◆ **Task prompt**: In the entries below, find the line with "Elf Workshop Christmas" and the line with "Rose Quartz, Biwa". Repeat exactly everything between them, those two lines included, but not the pictures.

◆ **Provided records**:
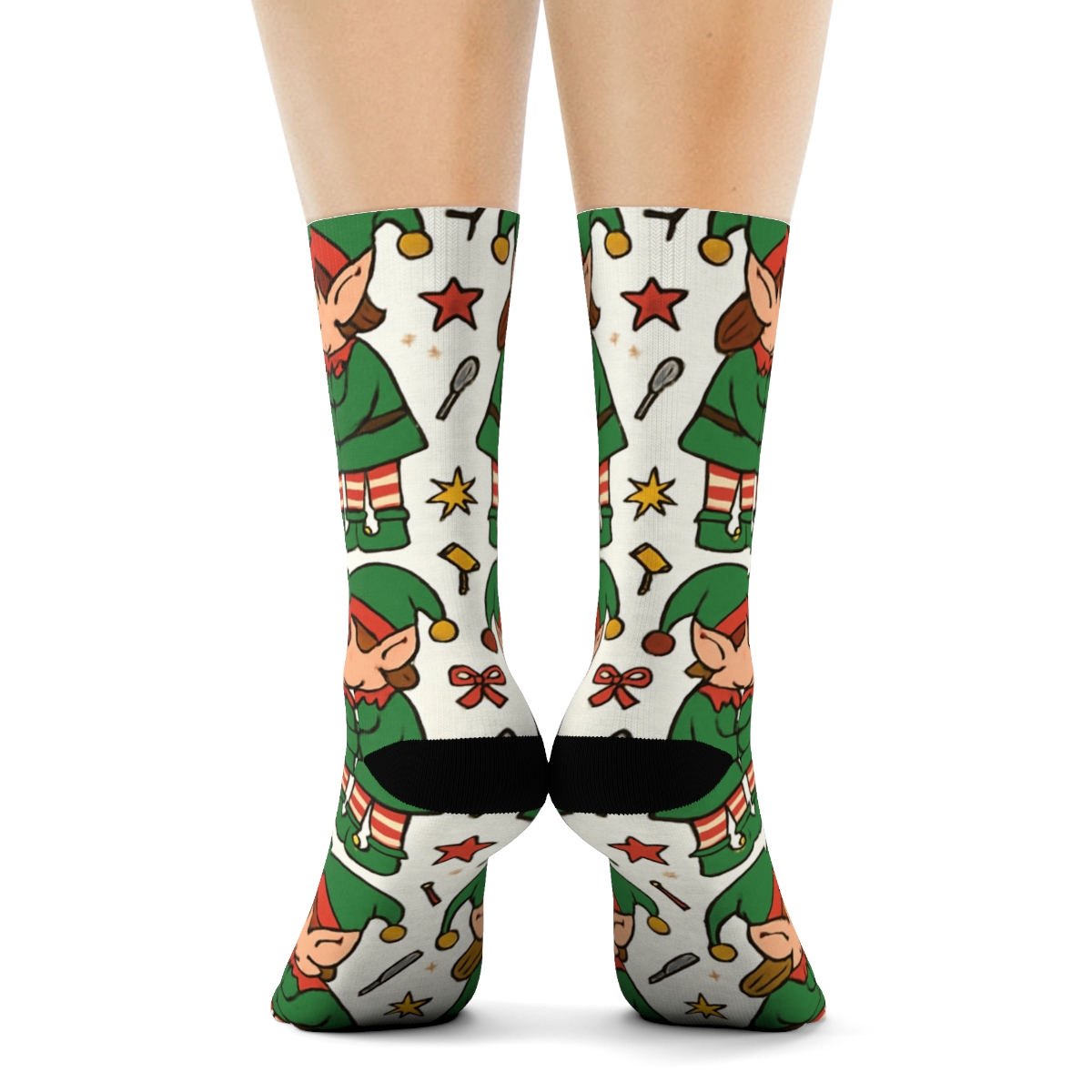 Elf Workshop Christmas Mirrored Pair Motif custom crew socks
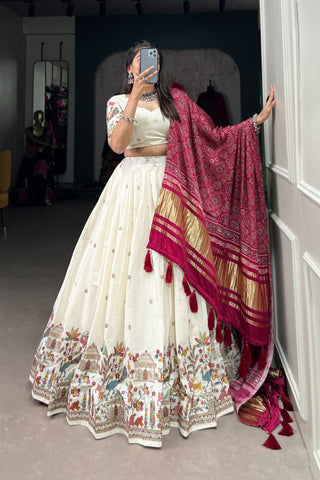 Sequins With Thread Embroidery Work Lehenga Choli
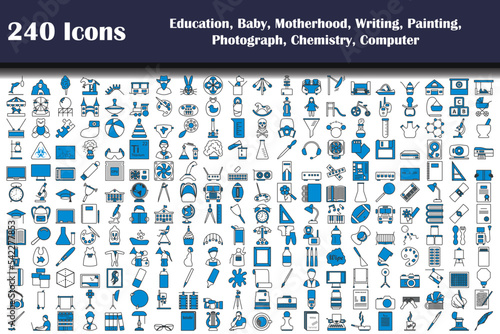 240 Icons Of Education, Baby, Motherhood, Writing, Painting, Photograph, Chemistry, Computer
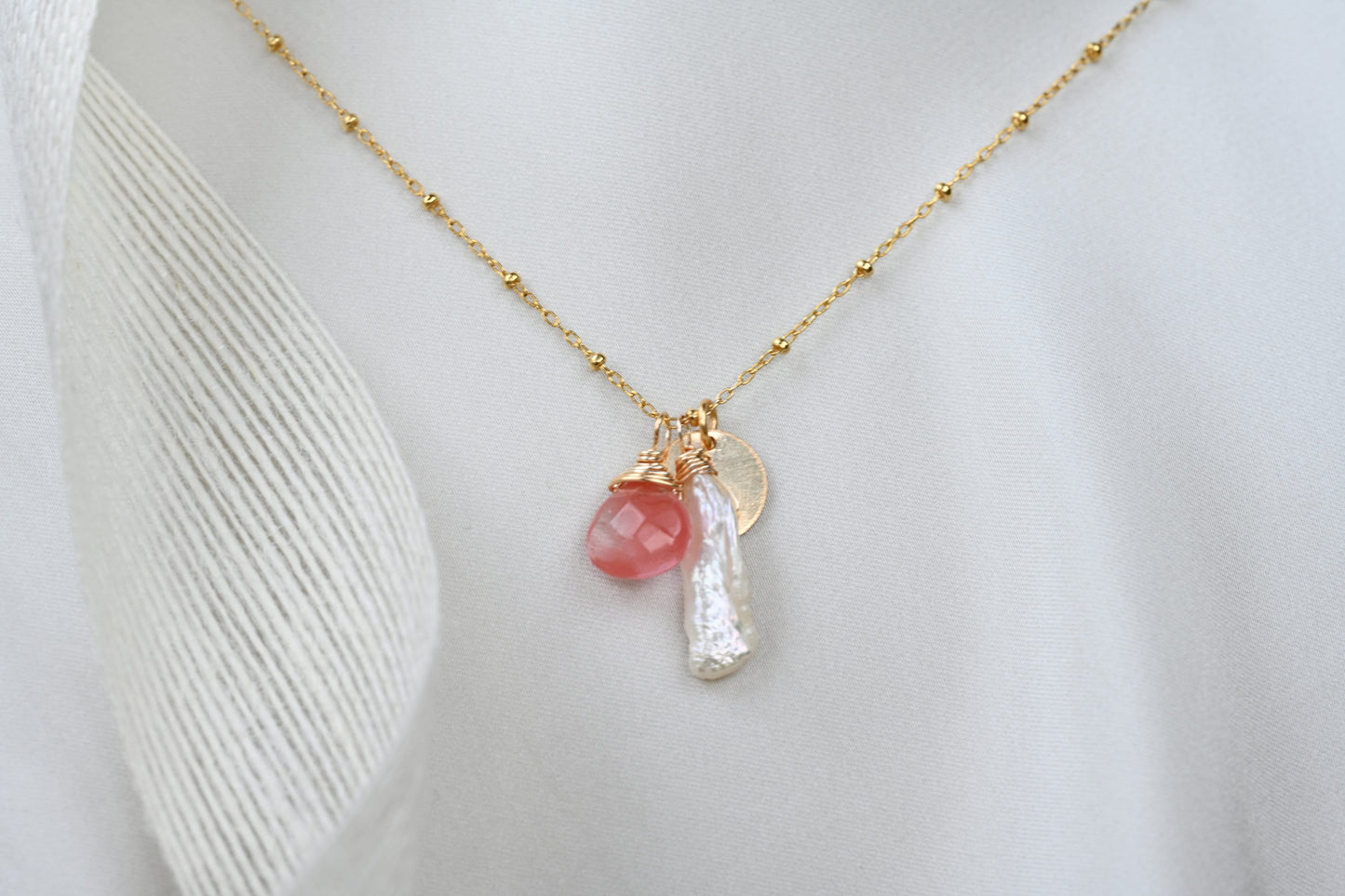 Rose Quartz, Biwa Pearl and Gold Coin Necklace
...
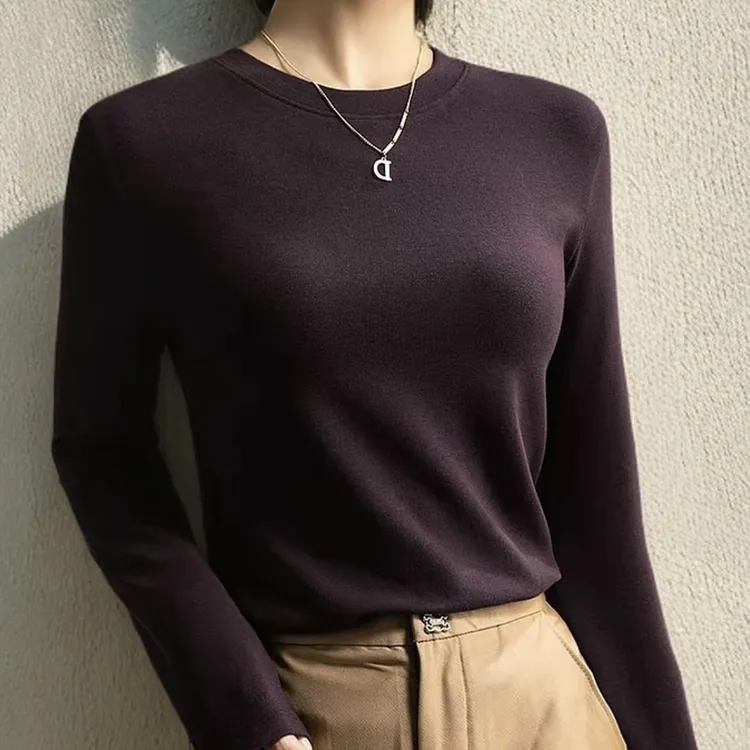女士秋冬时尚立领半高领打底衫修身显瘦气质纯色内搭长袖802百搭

◆ **Task solution**:
 Elf Workshop Christmas Mirrored Pair Motif custom crew socks
 Sequins With Thread Embroidery Work Lehenga Choli
 240 Icons Of Education, Baby, Motherhood, Writing, Painting, Photograph, Chemistry, Computer
 Rose Quartz, Biwa Pearl and Gold Coin Necklace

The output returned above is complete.